* _Aim of the exercise_: Although the records contain pictures, none belong in the copy: restate word for word only the lines from the one with "Urban Decay Vice Vegan Lipstick Callback" through the one with "Mercedes-Benz E-Klasse coupé", both included.

* _Records supplied_:
------------------------------------------------------------------------

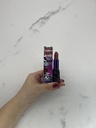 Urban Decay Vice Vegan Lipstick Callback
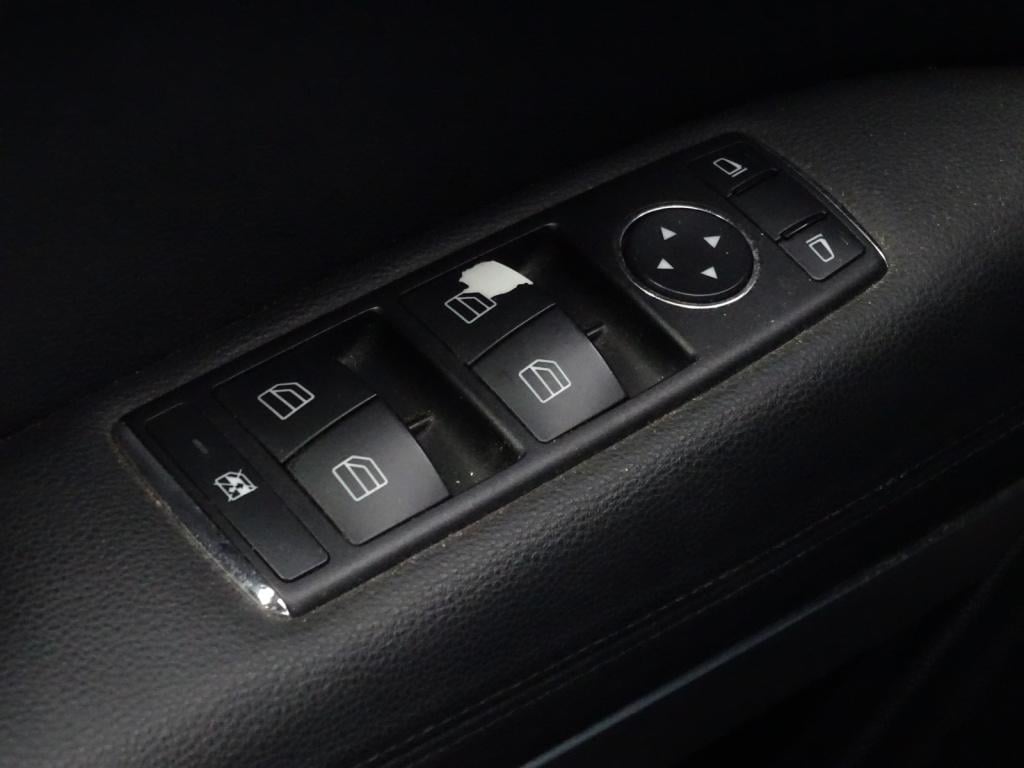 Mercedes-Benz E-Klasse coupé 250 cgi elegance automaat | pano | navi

------------------------------------------------------------------------

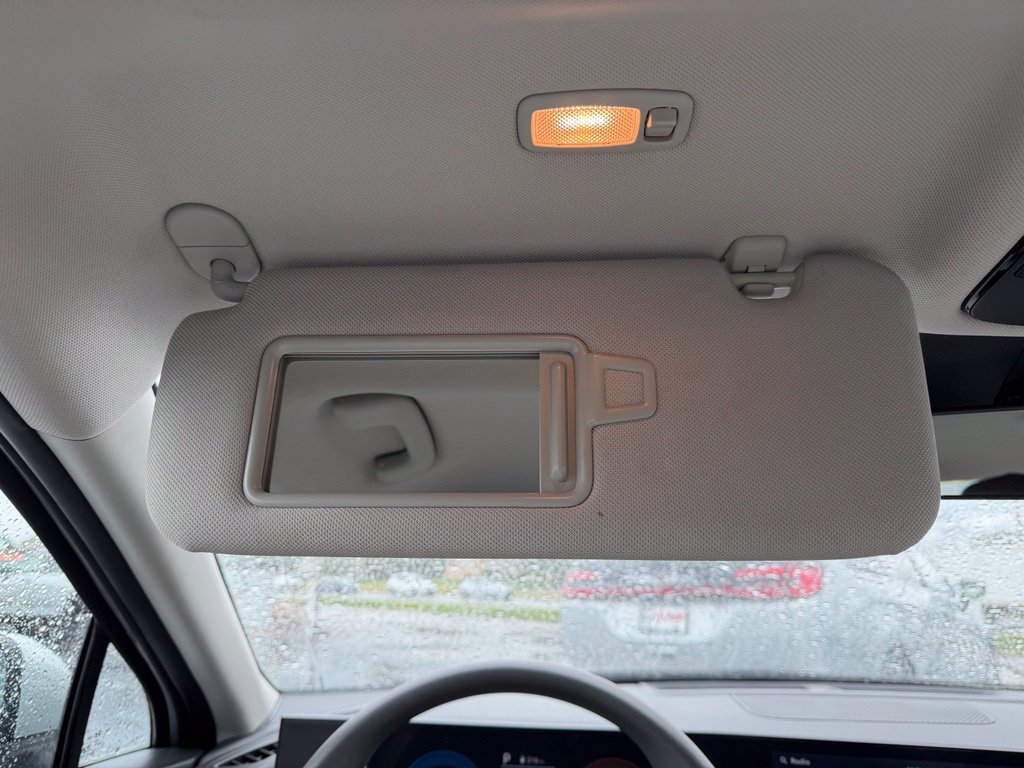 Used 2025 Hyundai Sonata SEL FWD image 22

------------------------------------------------------------------------

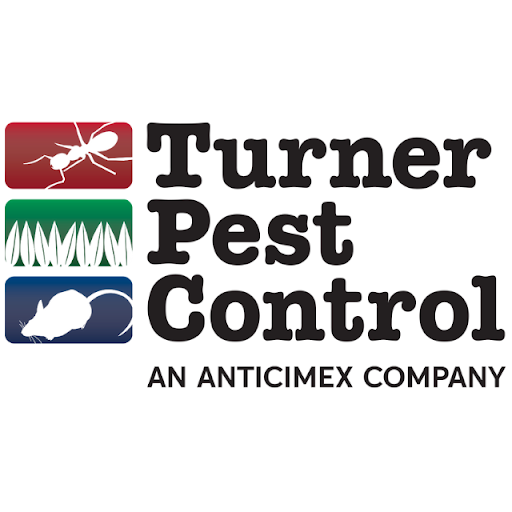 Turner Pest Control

------------------------------------------------------------------------

* _Result_:
 Urban Decay Vice Vegan Lipstick Callback
 Mercedes-Benz E-Klasse coupé 250 cgi elegance automaat | pano | navi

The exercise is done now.